Students Organized for Radical Change in 2018-19, not a Day of Action
Terrence Shambley Jr., co-executive editor
A student movement was sparked at Augsburg University in 2018-19 after news broke that the former director of the now-suspended Honors program used the N-word in his class “Scholar Citizen.” In response, Honors students organized to radically restructure the program, and Augsburg in general, to better serve the needs of students of color.
Winston Heckt, a 2019 graduate, was one of the students part of this movement’s core organizing group.
“We wanted to remove the structure of whiteness and racism at Augsburg and replace it with structures that empower students,” said Heckt in a statement to The Echo. “We had mixed results. The creation of the Department of Critical Race and Ethnicity Studies is a big win in our favor. There were other demands about increasing admin transparency, greater student involvement in the student grievance investigation process and more equity in scholarships that fell to the wayside.”
“It seemed like instead of addressing our demands and working to change them, we were given the runaround,” said Olivia House, a 2020 graduate who was also part of the core organizing group. “Under the guise of ‘reviews’ and ‘town halls’ and such, it looked as if putting the Honors Program on ‘pause’ was the easiest thing to do to eliminate the situation altogether.”
Administration responded to the movement with a “Day of Action” held on Dr. Martin Luther King Jr. day in which classes were cancelled and faculty, staff and students were encouraged to participate in anti-racist workshops.

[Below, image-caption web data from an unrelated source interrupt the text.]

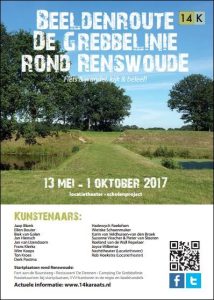Poster Beeldenroute De Grebbelinie rond Renswoude rand
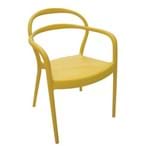 Cadeira Sissi Encosto Vazado Amarelo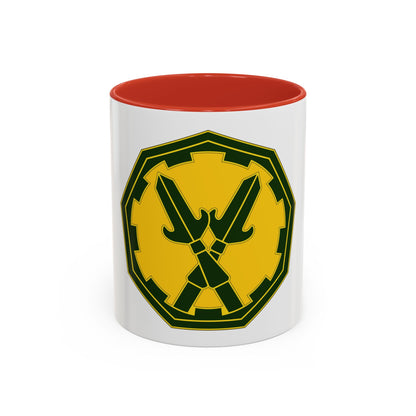 290 Military Police Brigade 3 (U.S. Army) Accent Coffee Mug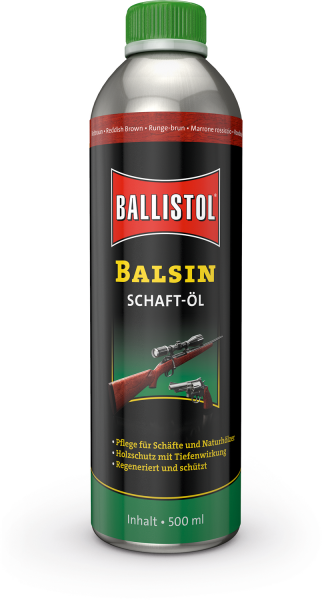 Ballistol Schaftöl Balsin Rotbraun (500ml)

“I thought it was a half-day of white guilt seminars that was more about creating catharsis for white folks, and more cynically a PR stunt for the papers, than it was a day that materially benefitted Auggies of color,” said Heckt.
I, Terrence Shambley, was one of the people involved in organizing the Day of Action.
For context, it was my first year at Augsburg as a sophomore transfer from Saint Paul College. Passionate as I was about Black and Brown liberation, I was eager for a chance to join the movement. In fact, in an effort to recenter the discourse in student safety and shift it away from questions of academic freedom, I detailed my argument against white professors saying the N-word in my first ever Echo article. Additionally, frustrated at the ineffectiveness of a “We Are Listening Session” hosted in the chapel days after the incident, I just about took the mic from the facilitator to speak my truth. Lastly, I hosted the follow up to that session after being impromptuly asked to by a faculty.
In my haste, and, admittedly, thinking I knew more than I did, I also agreed to take part in planning the Day of Action with a group of faculty and staff. I continued to participate even after Honors student leaders expressed disapproval of the event and personally asked me to stop. In hindsight, that was wack of me.
While I didn’t quite see it at the time, I was being tokenized by administration. It felt like not much effort was made to include more student voices in the process; in fact, I was the only student present in those meetings. I wasn’t even an Honors student. As a Black student who suddenly found themselves positioned as a valued voice in the movement, it’s clear my participation functioned, perhaps unintentionally on the part of the other Day of Action planners, as a way to legitimize this institutional project that was so off-base from the material demands that students actually said they wanted.
So, what now? How can we do justice to the work of Honors students in 2018-19 and counter future efforts by the university to co-opt, water down or squash student movements? I think the first step is to actively remember.